Deep Visual SLAM - how deep learning improves SLAM

M-GEO
Robotics
Staff Involved
Topic description

Visual Simultaneous Localisation And Mapping (SLAM) has been one of the most relevant research topics in robotics for the last two decades. Many algorithms have been developed to make these methods more reliable, computational efficient and accurate. These solutions can be distinguished in traditional methods and deep learning-based methods. Traditional methods mainly use handcrafted algorithms, while deep learning methods use CNN  and transformer-based architecture. Despite the very promising results and their easy integration with other tasks (such as segmentation), learning methods have not replaced traditional algorithms mainly because of their technical requirements, limiting their widespread deployment. 
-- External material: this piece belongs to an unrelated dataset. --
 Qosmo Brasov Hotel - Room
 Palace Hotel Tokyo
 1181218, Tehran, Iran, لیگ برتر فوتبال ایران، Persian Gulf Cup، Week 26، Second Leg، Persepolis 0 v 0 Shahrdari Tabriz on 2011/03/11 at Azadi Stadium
This MSc project aims to critically assess the performance of these methods and design a solution leveraging both methods and outperforming their current limitations. 

 

Topic objectives and methodology

The objectives of this MSc project can be summarised as follows:

1) Comparison and analysis of existing methods (both traditional and deep learning ones) using some meaningful real datasets. 

2) Analysis of the strengths and weaknesses of the methods

3) Design of a new solution leveraging strengths of existing methods: for the designed solution, a hybrid approach using both traditional and deep learning methods is foreseen 

4) Testing of the solution in different operational conditions.